HTML is all about providing structure and meaning to content, and this should be its sole function.
However, there are assorted tags that were added in the past by stupid browser developers, which violate this basic principle.
At some point, people came to their senses (partially, at least), and started (trying to) agree upon a specification for writing correct HTML, so they depreciated some of these tags.
However, the damage has already been done - too many people have learnt HTML as "put tags around stuff and stuff happens", rather than understanding the (important and useful) distinction between semantics and presentation, and those people have gone on to write books and tutorial, teaching other people the wrong way to write HTML, who themselves have done the same, and we've ended up with a right old mess.
Ideally, the center
tag should never have existed, because people should have pointed out it's not 'real' HTML, and told the browser makers to go back and do it properly.

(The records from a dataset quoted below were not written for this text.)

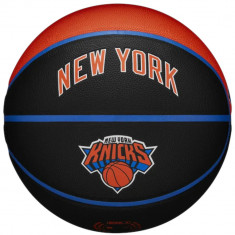 Mingi de baschet Wilson NBA Team City Collector New York Knicks Ball WZ4016420ID negru foto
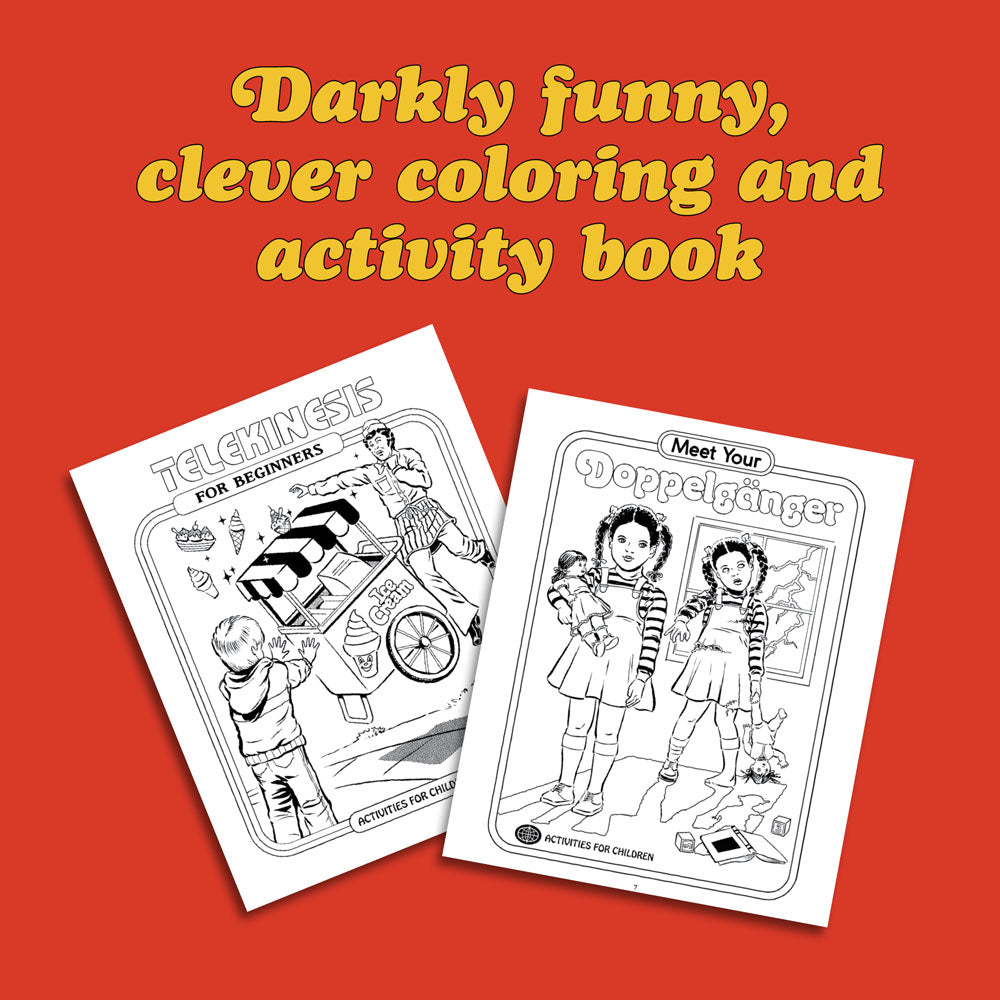 Darkly funny and clever coloring book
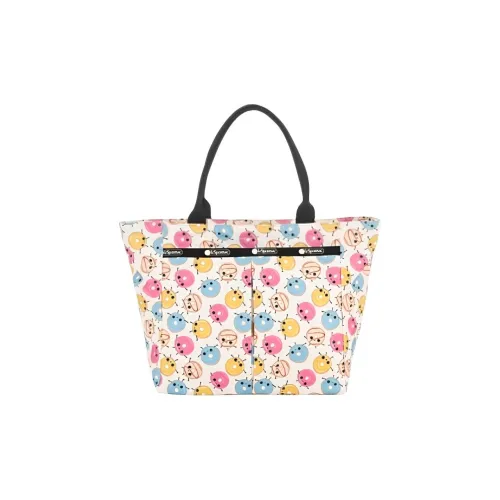 LeSportsac Ткань Сумка Большая Женская Необычная Пончик Пчелка Трек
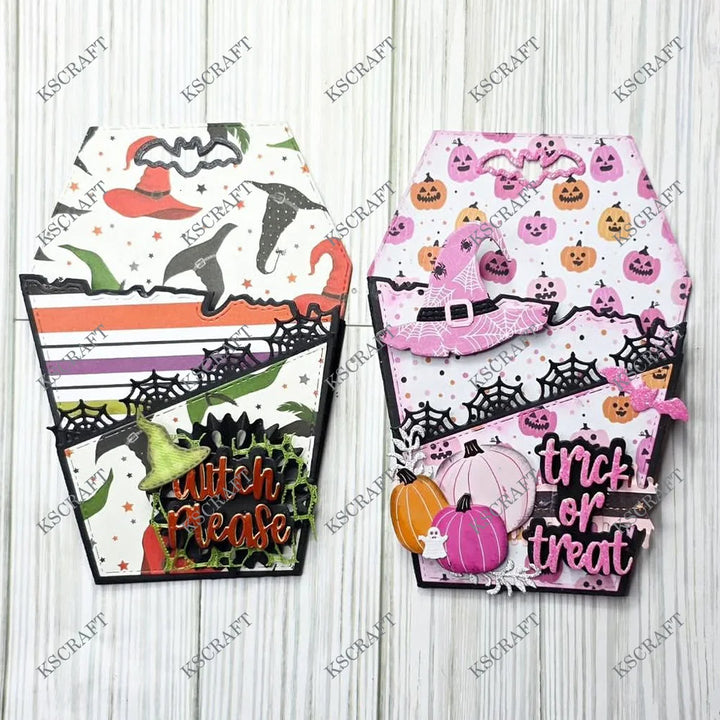 KSCRAFT Coffin Tag Pocket Cutting Dies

And for doing it properly... alignment is of course a presentation issue - applying layout and formatting to (structured) content - and the language to use for that is CSS.
However, yet again, stupid browser developers screwed up early CSS - and in many cases people creating web pages had to use incorrect HTML because the CSS simply didn't work.
These days, we're starting to get some useful functionality added to CSS, but there's still a lot that isn't implemented, and quite a few things that could have been implemented in far superior ways, but are now standardised so we're stuck with the old ways.
If stylesheets had been implemented by sensible people, you'd have all the controls you have in any decent office software - for aligning blocks and text, it'd work horizontally, vertically, upside-down, rotated, and so on - and it wouldn't be done in the stupid way of setting left/right margins to auto.
I'll add quickly, for completeness, the third 'level' for web pages, which deals with adding interactivity to an otherwise static page, which is of course the (mis-named) JavaScript.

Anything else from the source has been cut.